In the treatment of Natural coal fire areas, a variety of techniques are commonly employed, including stripping, yellow mud injection, inert gas injection, and loess covering. Shao et al. applied three-phase foam and water-mist technology to suppress upper-level fires in abandoned roadways and loose zones, successfully controlling coalfield fires at the Anjialing open-pit mine in China.

Tan et al. introduced sodium silicate gel—a pressurized, moisture-retaining sealing material—which enabled rapid cooling and effective extinguishment of the Fukang coal fire in Xinjiang. Zhai and Deng proposed a novel composite firefighting gel for outcrop fires and provided a detailed account of its characteristics, performance, and applications.
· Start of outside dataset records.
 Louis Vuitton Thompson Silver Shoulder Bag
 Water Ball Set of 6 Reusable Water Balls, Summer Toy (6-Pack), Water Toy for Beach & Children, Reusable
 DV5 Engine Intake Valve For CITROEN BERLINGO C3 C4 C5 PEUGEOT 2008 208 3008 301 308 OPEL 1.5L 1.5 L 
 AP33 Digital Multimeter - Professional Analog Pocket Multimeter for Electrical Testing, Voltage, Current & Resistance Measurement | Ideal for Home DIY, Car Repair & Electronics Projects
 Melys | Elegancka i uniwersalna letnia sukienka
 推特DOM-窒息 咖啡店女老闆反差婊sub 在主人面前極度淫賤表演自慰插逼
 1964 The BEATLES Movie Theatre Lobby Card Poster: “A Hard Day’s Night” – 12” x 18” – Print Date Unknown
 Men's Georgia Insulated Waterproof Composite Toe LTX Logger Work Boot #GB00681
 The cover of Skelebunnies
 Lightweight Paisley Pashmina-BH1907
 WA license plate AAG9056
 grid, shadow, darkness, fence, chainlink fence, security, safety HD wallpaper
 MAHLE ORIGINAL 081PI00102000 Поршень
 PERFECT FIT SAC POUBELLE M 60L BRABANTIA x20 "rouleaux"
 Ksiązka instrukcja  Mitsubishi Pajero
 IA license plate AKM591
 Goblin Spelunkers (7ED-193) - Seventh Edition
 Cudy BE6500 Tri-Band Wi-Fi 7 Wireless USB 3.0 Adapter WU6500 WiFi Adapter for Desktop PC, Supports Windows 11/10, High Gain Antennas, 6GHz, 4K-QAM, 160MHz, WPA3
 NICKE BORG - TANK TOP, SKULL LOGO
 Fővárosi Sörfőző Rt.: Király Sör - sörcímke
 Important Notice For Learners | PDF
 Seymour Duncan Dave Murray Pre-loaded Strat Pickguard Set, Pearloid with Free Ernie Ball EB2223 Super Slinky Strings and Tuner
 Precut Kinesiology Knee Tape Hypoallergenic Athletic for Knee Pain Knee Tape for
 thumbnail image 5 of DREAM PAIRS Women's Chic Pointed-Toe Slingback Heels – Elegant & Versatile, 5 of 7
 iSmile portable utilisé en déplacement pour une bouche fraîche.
Bustamante et al. identified several materials with fire-prevention potential, including diluted bitumen and brine (as combustion inhibitors), cement or slaked lime, fine sand cement, and clinker–slaked lime mixtures, noting that bitumen–brine combinations exhibited particularly strong adhesion and durability within coal seams. Deng et al. successfully applied composite fly ash gel to control coal fires at Haibaoqing.

Most previous studies relied on a single method for detecting outcrop fires, such as infrared remote sensing, surface temperature measurement, magnetic surveys, electrical methods, or radon monitoring. However, because each technique has inherent strengths and limitations, using only one method makes it difficult to accurately delineate the extent of a fire zone. Similarly, adopting a single prevention or extinguishing approach may be inefficient and could lead to unnecessary resource consumption.